• **Study material**

»»

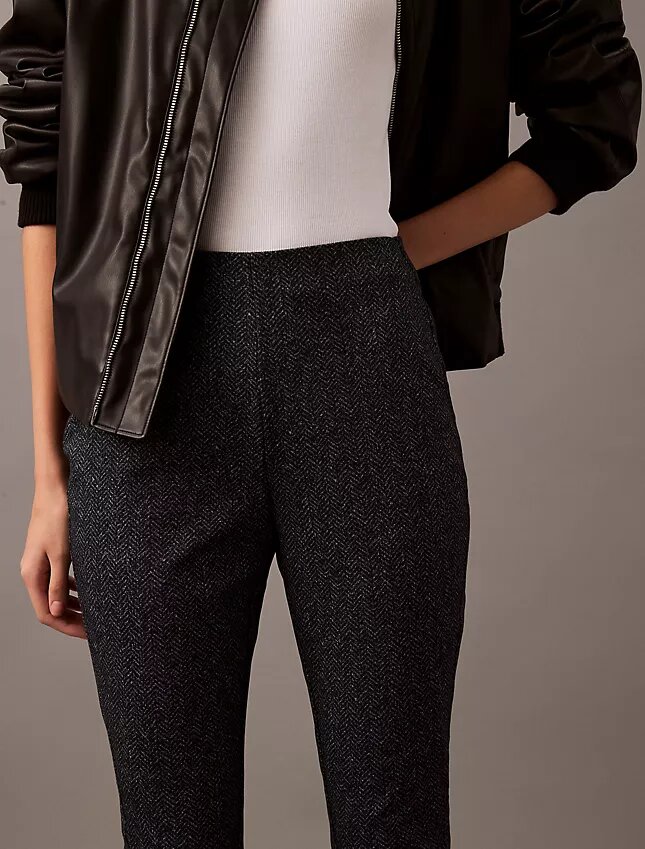 Pantalon skinny en ponte à imprimé chevrons Pantalon skinny en ponte à imprimé chevrons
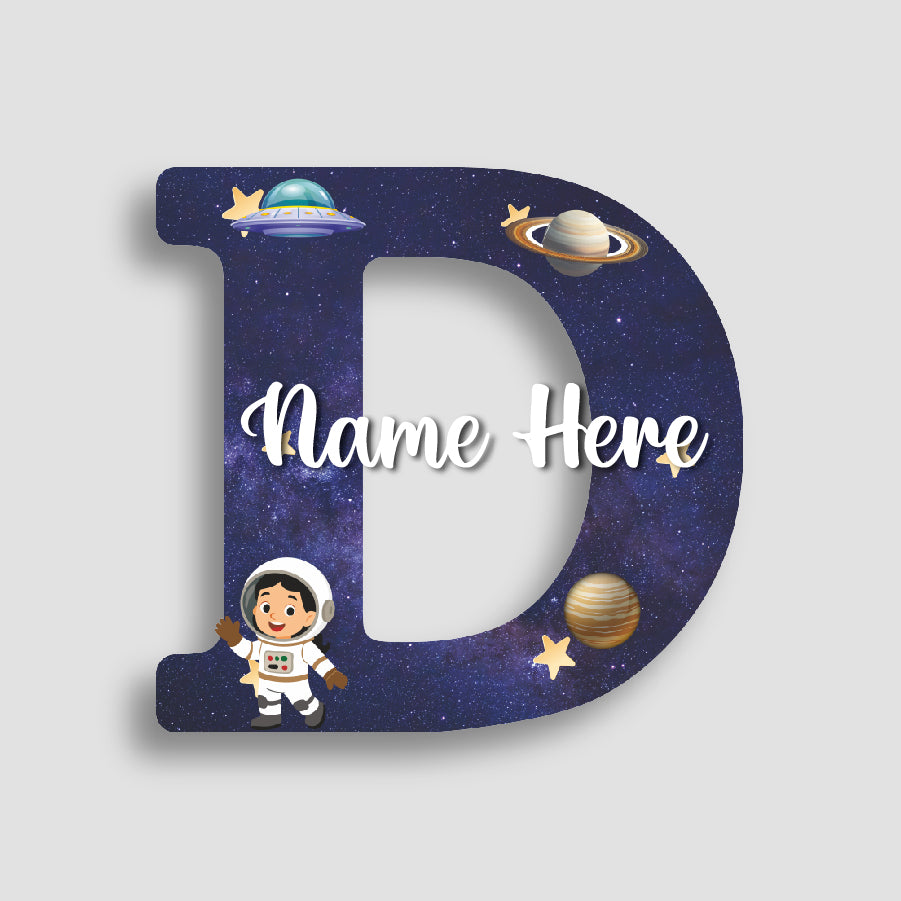 Customized Acrylic Glossy Space Theme Wall Hanging | 9 Inch Custom Name & Alphabet Letter Sign for Kids Room & Playroom Decor | Astronaut & Planet Alphabet Nameplate | Includes Hanging Rope/Tape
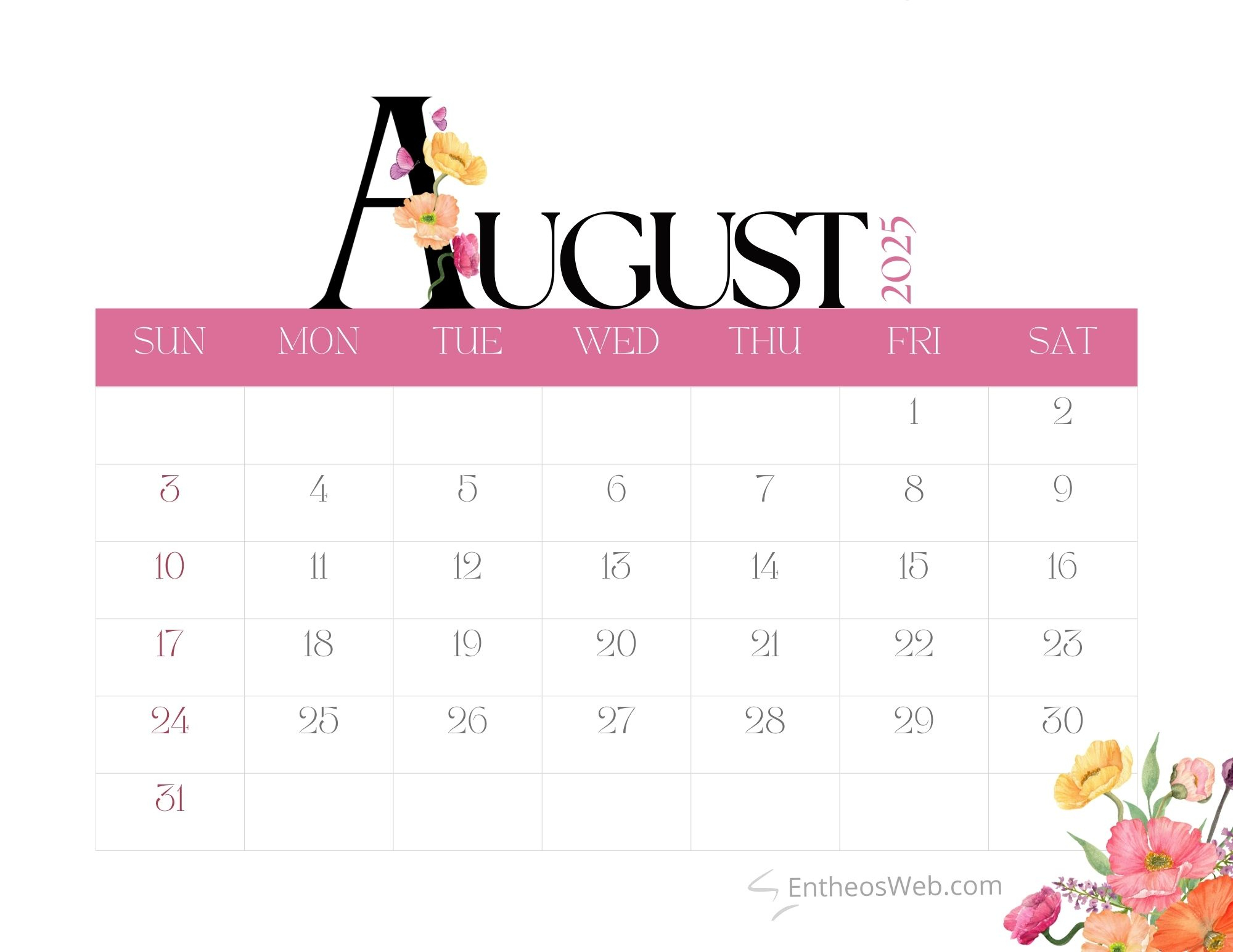 August 2025 Calendar Printables | Entheosweb | Calendar 2025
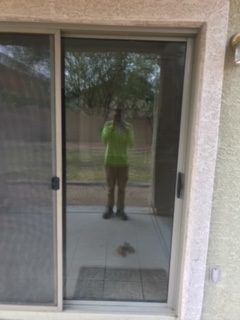 home patio door slider glass replaced
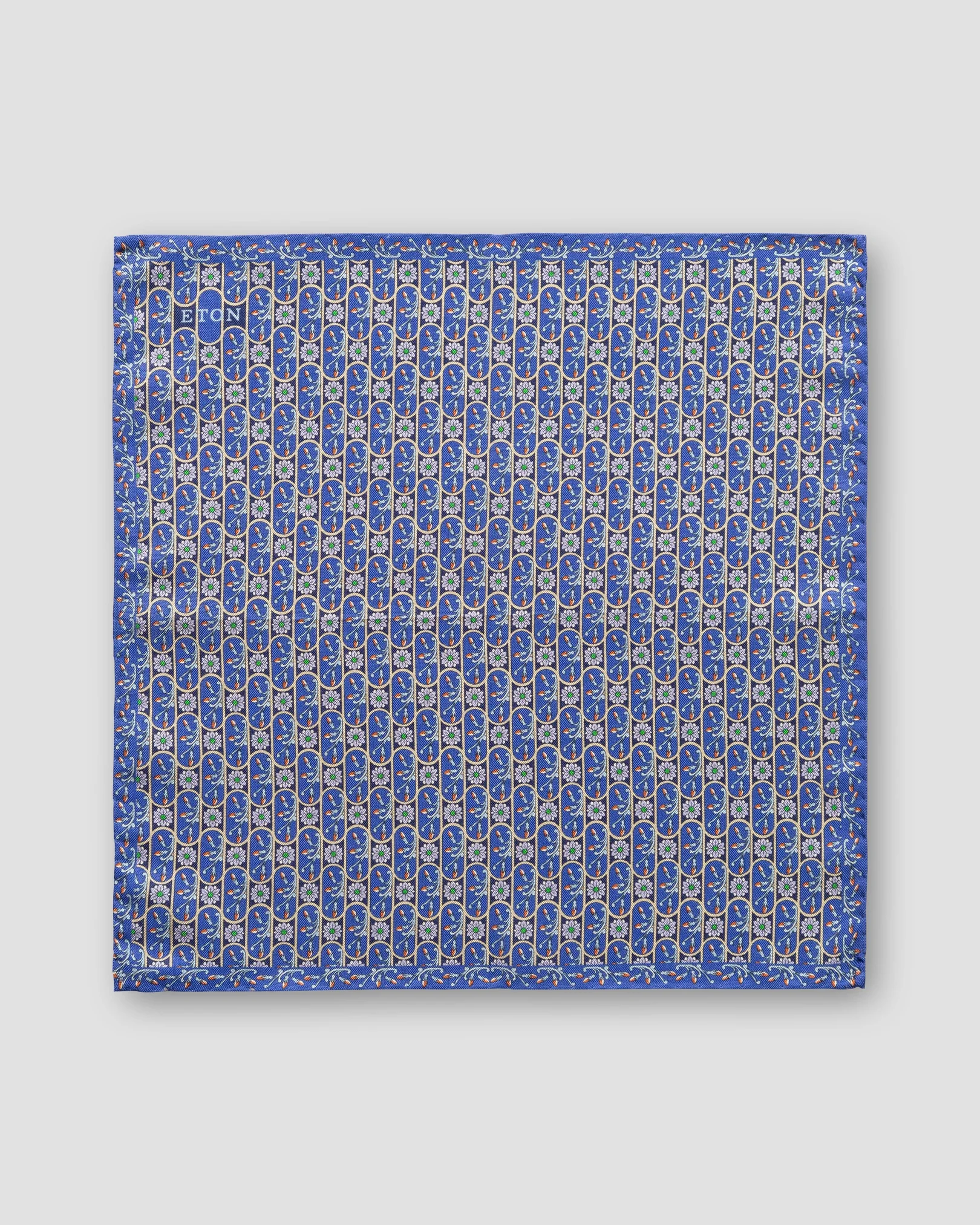 Eton - dark blue floral print silk pocket square
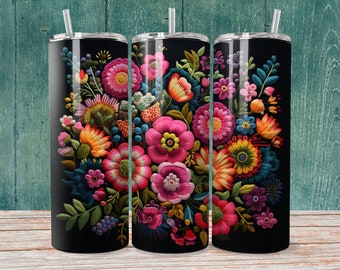 Mexican Floral Tumbler Wrap: Embroidered Design, 20 oz Skinny Tumbler (Digital Download)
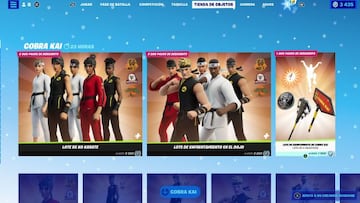Todos los objetos de Cobra Kai están en la sección "Cobra Kai" de la tienda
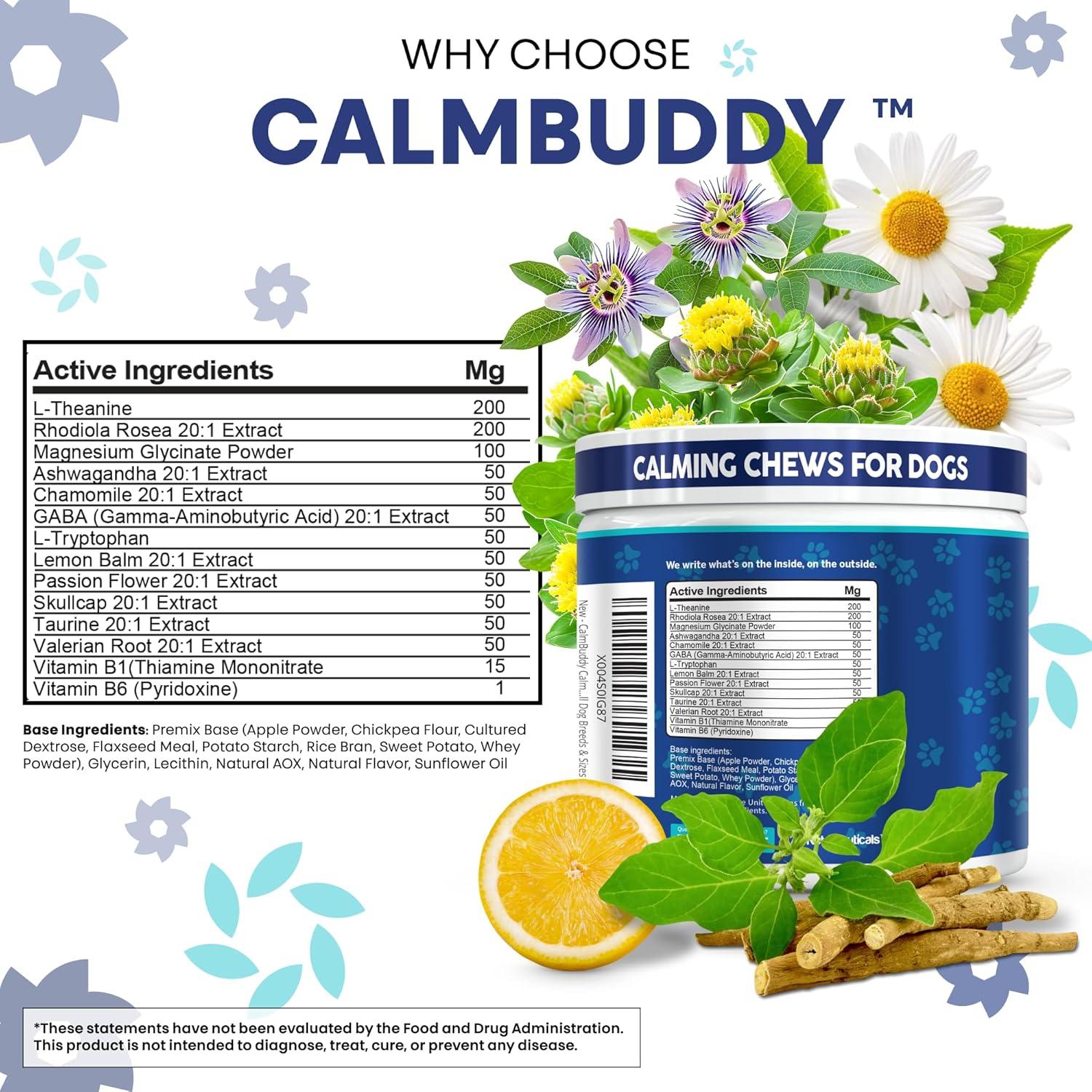 image:imageCalmBuddy Anxiety and Stress Relief Supplements GABA LTheanine Magnesium Ashwagandha Rhodiola Rosea Chamomile LTryptophan Skullcap Taurine Valerian Root 60 Beef Flavor Chew by Clean Nutra Pets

««

• **Task to complete**
What you need to produce is an exact copy of the entries above, limited to the lines from the one with "Customized Acrylic Glossy" up to and including the one with "Todos los objetos", without pictures.

• **Answer below**
 Customized Acrylic Glossy Space Theme Wall Hanging | 9 Inch Custom Name & Alphabet Letter Sign for Kids Room & Playroom Decor | Astronaut & Planet Alphabet Nameplate | Includes Hanging Rope/Tape
 August 2025 Calendar Printables | Entheosweb | Calendar 2025
 home patio door slider glass replaced
 Eton - dark blue floral print silk pocket square
 Mexican Floral Tumbler Wrap: Embroidered Design, 20 oz Skinny Tumbler (Digital Download)
Todos los objetos de Cobra Kai están en la sección "Cobra Kai" de la tienda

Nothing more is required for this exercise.